Carême vient de quarante : il s’agit de se priver de quelques bonnes choses pendant 40 jours avant le dimanche de Pâques. La pratique se base sur l’abstinence et véhicule une théologie sans rapport avec la vie de Jésus. Elle a pour origine l’idée que l’abondance nous éloigne de Dieu. Renoncer aux bienfaits du créateur permettrait de nous rapprocher de lui. Mais la Bible dit exactement le contraire.
Une spiritualité sans privations
La Bible dit exactement le contraire. Au chapitre 20 du livre de l’Exode (versets 22 à 24), Dieu vient bénir son peuple pendant les fêtes offertes en son honneur.
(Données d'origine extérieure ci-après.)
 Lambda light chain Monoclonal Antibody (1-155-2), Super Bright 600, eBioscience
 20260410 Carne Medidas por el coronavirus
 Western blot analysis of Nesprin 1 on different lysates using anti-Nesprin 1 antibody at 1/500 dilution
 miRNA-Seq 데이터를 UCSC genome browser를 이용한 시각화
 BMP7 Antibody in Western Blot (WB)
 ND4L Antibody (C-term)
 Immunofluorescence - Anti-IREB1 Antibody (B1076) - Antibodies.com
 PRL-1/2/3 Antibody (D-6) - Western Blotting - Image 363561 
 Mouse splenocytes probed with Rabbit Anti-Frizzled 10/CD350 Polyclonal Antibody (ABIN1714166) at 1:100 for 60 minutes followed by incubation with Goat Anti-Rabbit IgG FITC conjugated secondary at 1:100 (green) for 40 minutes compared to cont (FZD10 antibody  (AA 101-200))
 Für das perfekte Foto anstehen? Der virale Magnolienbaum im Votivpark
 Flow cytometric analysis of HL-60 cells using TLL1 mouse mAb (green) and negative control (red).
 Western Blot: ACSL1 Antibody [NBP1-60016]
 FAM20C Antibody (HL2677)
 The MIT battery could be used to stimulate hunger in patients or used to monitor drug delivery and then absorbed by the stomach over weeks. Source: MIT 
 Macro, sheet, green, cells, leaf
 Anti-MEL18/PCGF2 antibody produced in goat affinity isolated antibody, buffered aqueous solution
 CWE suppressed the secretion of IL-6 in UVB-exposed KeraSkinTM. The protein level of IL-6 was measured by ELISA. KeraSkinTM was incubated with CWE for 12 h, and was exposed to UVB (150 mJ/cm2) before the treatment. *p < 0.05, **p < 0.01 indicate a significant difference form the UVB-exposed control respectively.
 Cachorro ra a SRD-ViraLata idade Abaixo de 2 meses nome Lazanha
C’est ce que la Bible appelle des fêtes de communion (souvent désignées par l’appellation fautive « sacrifice » de communion). Avec ses disciples, Jésus n'a jamais jeûné ni avant Pâque ni à un autre moment.
Le chiffre quarante symbolise une période longue. Elle débouche sur une vie meilleure et (ou) accompagne un processus de maturation. Avant de partir en mission, Jésus passe 40 jours dans le désert. Mais, selon les évangiles, il ne ressent aucune privation. Lorsqu’il a faim, il converse avec le Diable puis les anges lui servent un repas (Matthieu 4.11). Selon l’évangile de Marc, les anges le servent pendant tout ce temps. La privation n’a pas sa place dans le récit de ces quarante jours.
Une belle symbolique
Par contre, la symbolique du chiffre quarante peut nourrir notre spiritualité. Elle indique un temps difficile et complexe marquant un épisode de la vie. Nul besoin en effet de s’imposer des privations. L’existence se charge de le faire sans nous demander notre avis. Matérielles, elles peuvent aussi être affectives, relationnelles, etc. Nous vivons toutes et tous des périodes où les événements de la vie nous coupent l'appétit. La Bible invite à garder espoir dans les temps de privation et à tenter d’en tirer du positif. Le récit des évangiles (Matthieu 4, Marc1 et Luc 4) le confirme : Jésus est passé par une période existentielle désertique avant de se lancer dans sa mission. Ces récits montrent de manière imagée qu’il a su éviter les remèdes faciles, pourtant si tentants.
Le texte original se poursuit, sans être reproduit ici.